THEATRE REVIEW | The Stirling Community Theatre was filled to capacity for the opening night of new Stirling Players’ production The Lady in the Van.

Based on Alan Bennett’s diaries, the play tells the true story of how the award-winning British playwright offered Miss Shepherd a place to park the van in which she lived. He thought she’d be in his London yard for a few months when the offer was made in 1974, but she stayed until she died in 1989.

Bennett first meets Shepherd when she begins to park her van in front of houses on his street, moving ever closer to his home as neighbours find ways of ousting her. Witness to her harassment at the hands of local hoodlums, police and council workers, he finally offers her sanctuary. People call him a saint, but he disagrees – the initial invitation is made out of guilt, and then he allows her to stay because he can’t tell her to go.

The play tells the story of the unusual relationship between Bennett and Shepherd, a character of the type usually reserved for fiction. Renowned for her multifarious odour – urine camouflaged by the scent of lavender talcum powder – and for her rants verging on insanity (at one point she petitions for a taller Pope), this woman is as frustrating and endearing as she is funny.

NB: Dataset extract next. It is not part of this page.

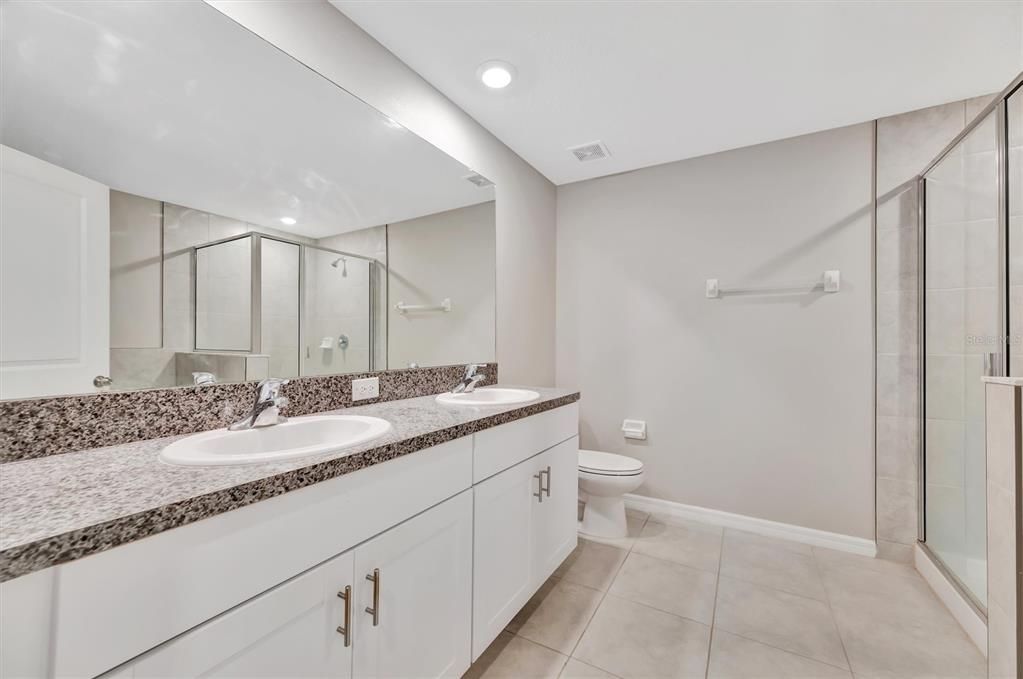 For Rent: $2,350 (3 beds, 2 baths, 1796 Square Feet)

Directed by Dave Simms, the Stirling Players put on a, aherm, sterling  performance.  The cast is excellent, especially the three main actors: Lee Cook, Tim Edhouse and Jill Morrell. Cook and Edhouse both play Alan Bennett , with one the narrator recalling the story, and the other “in” the play. The device of two Alans, while unusual, works well and allows the Jiminy Cricket-type narrator to express frustration at the situation in which he finds himself. Jill Morrell is so believable as the itinerant van lady that she brings to mind another great lady of the stage, Ruth Cracknel.

This probably isn’t a production for younger people, especially in terms of the issues it deals with: ageing parents in need of full-time care, the challenges of ageing yourself and how one continues to survive in this world, and the obligations and guilt faced by carers. There’s not much in the way of plot, but it is an excellent character study.

The Lady in the Van is funny in parts, and moving throughout. If you enjoy memoir-style entertainment, you’ll get a lot out of this excellently performed stage production.

The Stirling Players are presenting the play at the Stirling Community Theatre on Fridays, Saturdays and Sundays until October 19.